Galaxie Anonymus

Consternée par une trahison

d'Lëtzebuerger Land du 09.03.2012

La nouvelle a ébranlé le monde des hackers de haut vol : une des personnalités les plus en vues du réseau Lulz Sec, lui-même issu de la nébuleuse Anonymous et à l’origine de nombreuses attaques informatiques réussies contre des cibles prestigieuses, a accepté l’été dernier de collaborer avec le FBI et a dénoncé une partie de ses collègues en échange d’une atténuation des peines retenues contre lui. Sabu, de son vrai nom Hector Monsegur, 28 ans, a trahi ses amis, en livrant au moins une partie aux policiers fédéraux, et les a plongés dans le désarroi. 

Dans un entretien sur IRC (Internet Relay Chat) avec Ars Technica, l’un d’entre eux, « Avunit », raconte l’état de paranoïa dans lequel l’a mis la révélation de la trahison de Sabu. Avunit explique qu’il avait pourtant quitté Lulz Sec bien avant que le groupe se soit démantelé l’an dernier. Mais il craint aujourd’hui que cela ne le mette pas à l’abri de poursuites. Comment savoir si Sabu, avec lequel il était en contact régulier, a fourni au FBI des données permettant de l’identifier ? Par précaution, raconte-t-il, il a acheté un nouveau laptop et détruit tout l’équipement pouvant renfermer des traces incriminantes.

À vrai dire, des soupçons à l’encontre de Sabu avaient commencé à circuler dans le milieu des hackers dès l’été dernier, lorsque des arrestations avaient été faites parmi des membres supposés de Lulz Sec. Certains avaient alors dénoncé sa recherche effrénée de publicité personnelle, contraire au code d’honneur et au modus operandi des réseaux Anonymous. L’anonymat est et reste la meilleure arme de ce type de réseau pour déjouer les efforts des policiers spécialisés cherchant à tracer l’origine d’attaques informatiques. Et inversement, vouloir récolter à tout prix les lauriers de ses « exploits » est la recette garantie pour se faire cueillir chez soi par des limiers spécialisés.

Avunit avait mis un frein à ses activités subversives directes l’an dernier, après le démantèlement de Lulz Sec et
alors qu’une partie de ce groupe avait poursuivi ses attaques sous le label Anti Sec, se contentant désormais de mettre au point des outils d’attaques de déni de service et de former de nouvelles recrues. Le retournement de veste de Sabu l’a véritablement choqué : « Je ne peux même pas décrire ce que c’est d’avoir quelqu’un qui été votre professeur, et qui pour être franc m’inspirait, se retourner contre ceux-là même qui lui faisaient le plus confiance », a-t-il dit au reporter d’Ars Technica. Si c’est le souhait de préserver ses enfants qui a décidé Sabu à coopérer avec le FBI, pourquoi les avoir mis en danger en se livrant à ce type d’activités, se demande-t-il. Depuis qu’il sait que Sabu est un traître, il craint même de se faire arrêter s’il décide de bouger pour se mettre à l’abri : « Si j’essaie de partir par un aéroport et qu’ils connaissent mon identité, ce serait comme aller à la prison et me livrer ». En tout cas, Anonymous, pour lui, « c’est fini ».
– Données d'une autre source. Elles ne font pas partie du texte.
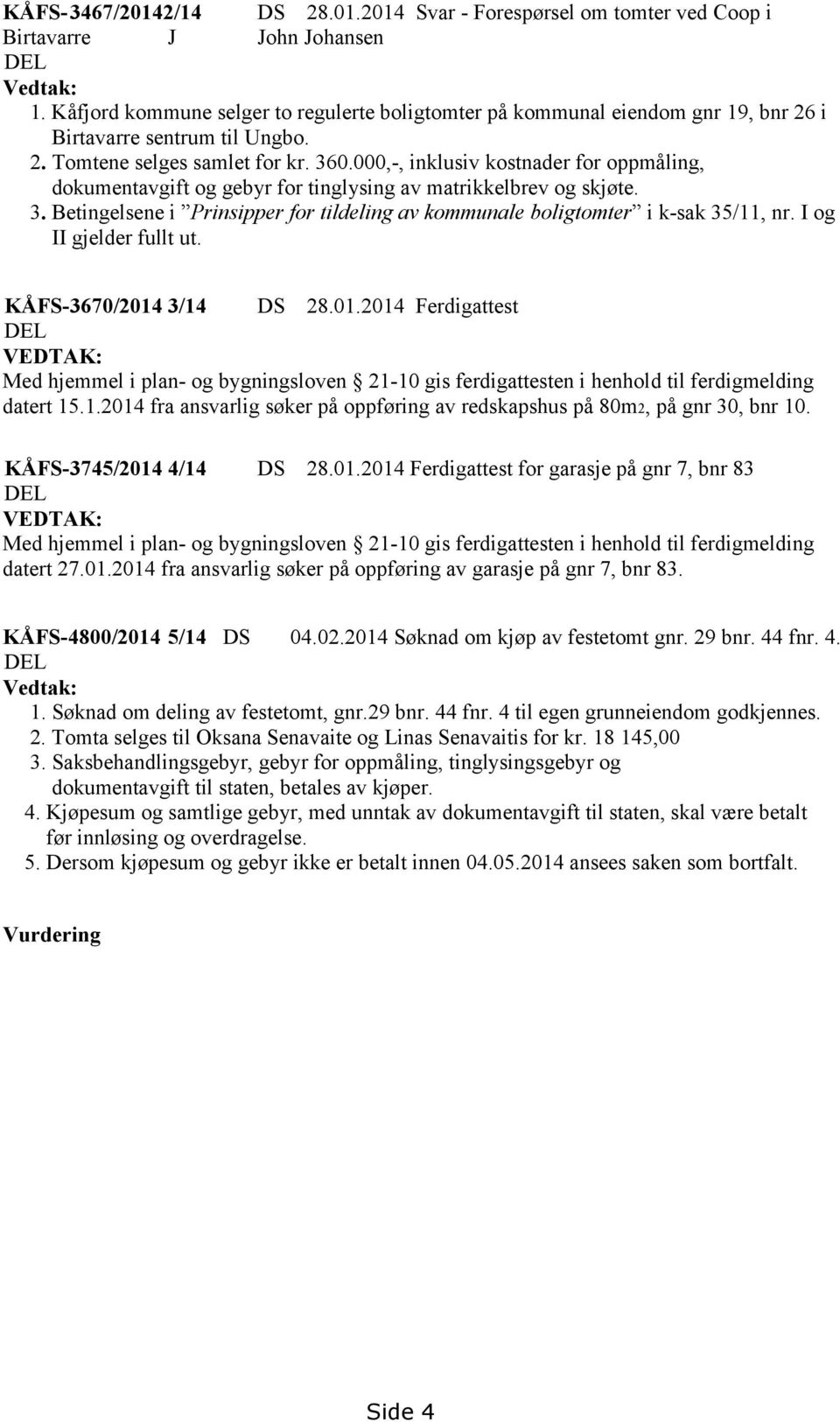 000,-, inklusiv kostnader for oppmåling, dokumentavgift og gebyr for tinglysing av matrikkelbrev og skjøte. 3. Betingelsene i Prinsipper for tildeling av kommunale boligtomter i k-sak 35/11, nr.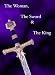Books : The woman The Sword and The King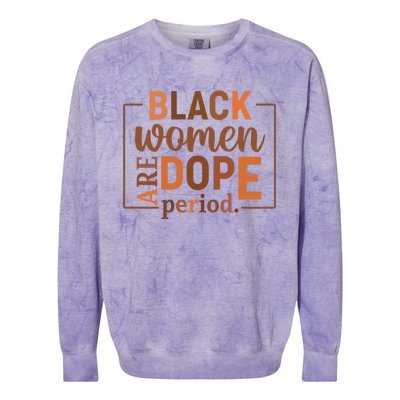 Black Are Dope Period Melanin Black History Juneteenth Funny Gift Colorblast Crewneck Sweatshirt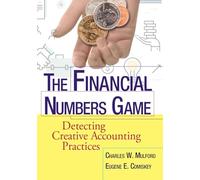 The Financial Numbers Game: Detecting Creative Accounting Practices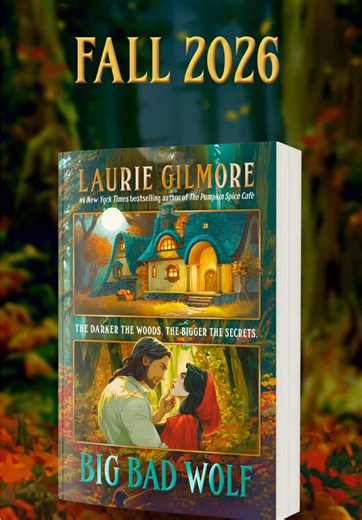 From the No.1 New York Times bestselling author of the Dream Harbor series, comes a new small-town romance set in the quirky town of Maple Hollow 🌲 Coming 8th September 2026! #bigbadwolf #lauriegilmore #paranormalromance #dreamharbor #thepumpkinspicecafé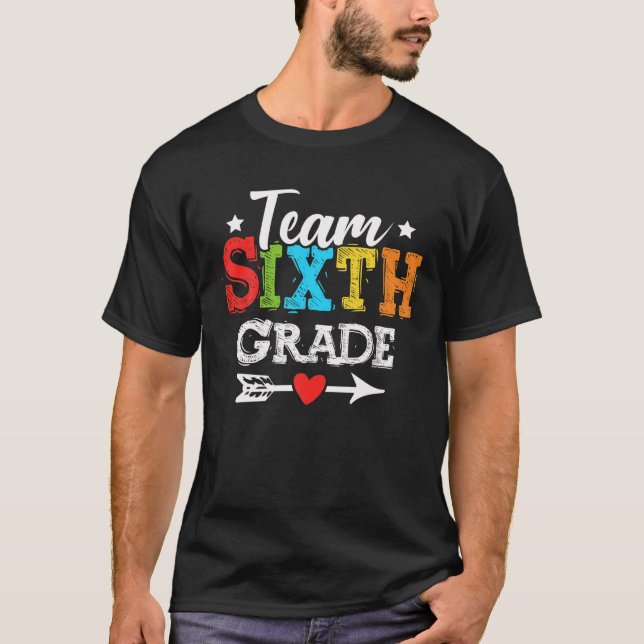Team Sechste Klasse Funny 6. Zurück zur Schule Leh T-Shirt (Vorderseite)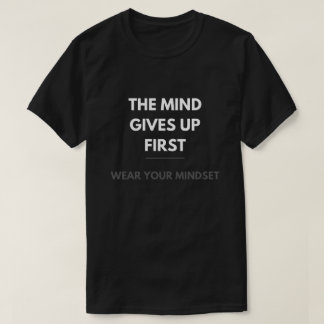 Draag Je Mentaliteit T-shirt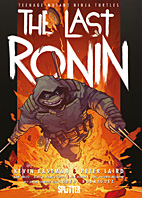 Teenage Mutant Ninja Turtles: The Last Ronin 01 (TMNT) (Splitter Books)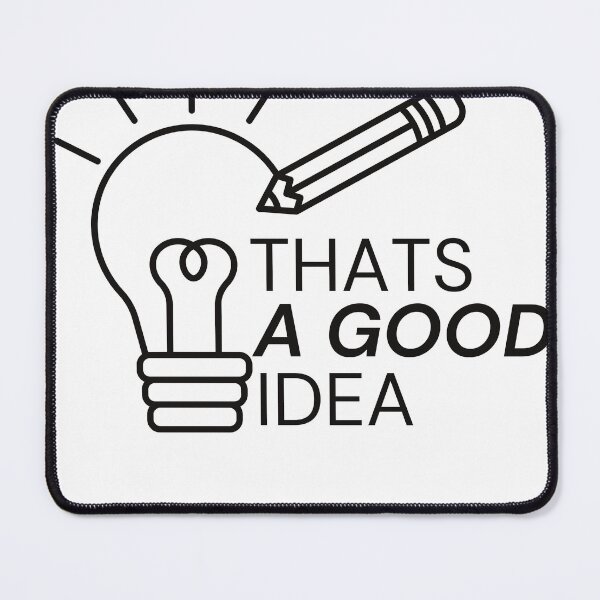 Item preview, Thats a Good Idea designed and sold by Hobsquable.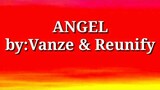 Angel lyrics by : Vanze & Reunify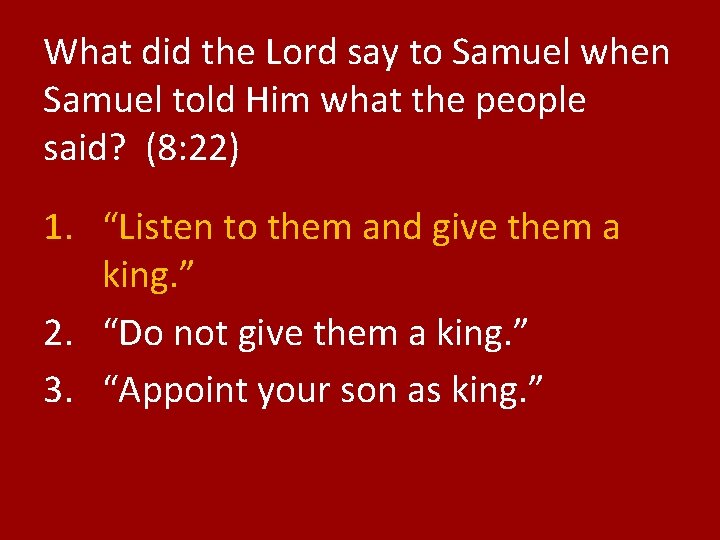 What did the Lord say to Samuel when Samuel told Him what the people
Même si Lulz Sec et Anti Sec sont des groupuscules et que leur démantèlement est loin de signifier la fin de la nébuleuse Anonymous, il doit y avoir une quantité non négligeable de hackers comme Avunit qui se demandent aujourd’hui quelle est l’étendue des informations obtenues par le FBI et ses correspondants de par le monde. Des messages de défi de groupes se revendiquant d’Anonymous parviennent ces jours-ci aux rédactions, affirmant qu’Anonymous ne peut pas être décapité parce que le mouvement n’a pas de leaders et annonçant que son activité se poursuivra. Anonymous et ses sous-groupes ne semblent en effet pas avoir de structures hiérarchiques fortes. Certes, les opérations de « hack » couronnées de succès procurent une auréole de héros à leurs auteurs et valent à ces derniers l’admiration éperdue des hackers apprentis. Mais cela ne signifie pas que les hackers les plus en vue qui choisissent de collaborer avec la police soient nécessairement en mesure de fournir aux policiers les identités et adresses de leurs camarades « en formation ».